God is creator, Jesus is his son who died on the cross for our sake, this act of sacrifice made possible our eternal salvation -- these claims are unchanged. But what exactly this all might mean is another matter.*sigh* I will never have what it takes to be a philosopher, as keeping to an outdated text in light of new knowledge is a special art. I can picture it: one day reading a sacred text sentence and understanding that it clearly states "A" and means "A". Then upon receiving some revised scientific fact "F", mumbling to myself, 'Ah, this text says "A" but must mean "B" so that "F" fits.' The text "A" does not and must not ever change. Text "A" is assumed to be correct for whatever the definition of correct is now. It is like numerology: Any number or sequence of numbers can be imagined to have any meaning you want with applied interpretation. It seems that the philosopher's job is to do the same with sacred texts; keep the words, but have a mental transformation of the text from "A" to "B". I don't have the mental fortitude to keep assuming such a flawed source text is correct, when so much of it is shown to be bunkum. I would toss it out and get something more accurate and up to date. Ah well, I can console myself with the fact I am better paid than a philosopher, without having to go through these mental gymnastics.
Note that the language can force changes to it - see The King James Bible, or the first bibles printed in English/Dutch/German instead of Latin, but the translation is very carefully kept intact.
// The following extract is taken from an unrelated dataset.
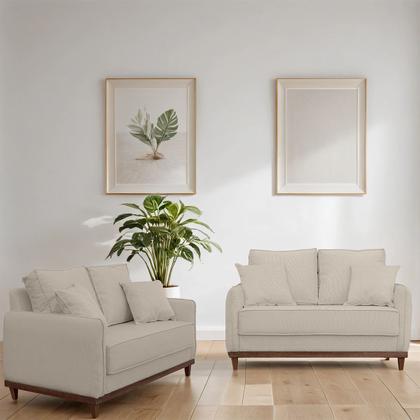Imagem de Kit Sofa Sena 2 e 3 Lugares Base de Madeira para Sala Hotel Linho Bege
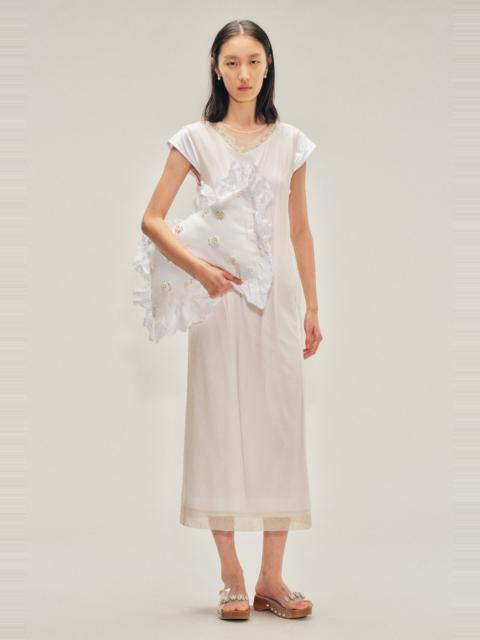 Simone Rocha Layered Liquid Cap Sleeve Lace Trim Dress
Science will never be overtaken by theology or religion as far as relevance goes while theology continues to use a source book that is never revised or updated. Old textbooks are not very useful as they contain outdated information, so are regularly updated and revised, and the old editions pulped for recycling. Sacred religious texts (Bible, Koran etc) are kept as old as possible so the true word of god is not mistaken. Anything stated as clear fact in a sacred text that disagrees with science is then classified as metaphor or reinterpreted by theologists; but why is the source text not updated to reflect this new understanding? Where are the "F" and "B" footnotes? These texts are the words of God; his vital instructions to all humans on the most important subjects ever! Is it not every theologists and philosophers duty to make sure the followers of these texts understand what they "really" mean?
It is almost as if the main goal is to prevent revised knowledge from getting to the vast majority of readers, otherwise they might question the validity of the source material.
How about theologists get together and annotate the bible by highlighting the bits to take literally, and use a different colour for metaphor, and footnote the metaphor to explain it. Now there's a project just crying out for Templeton funding.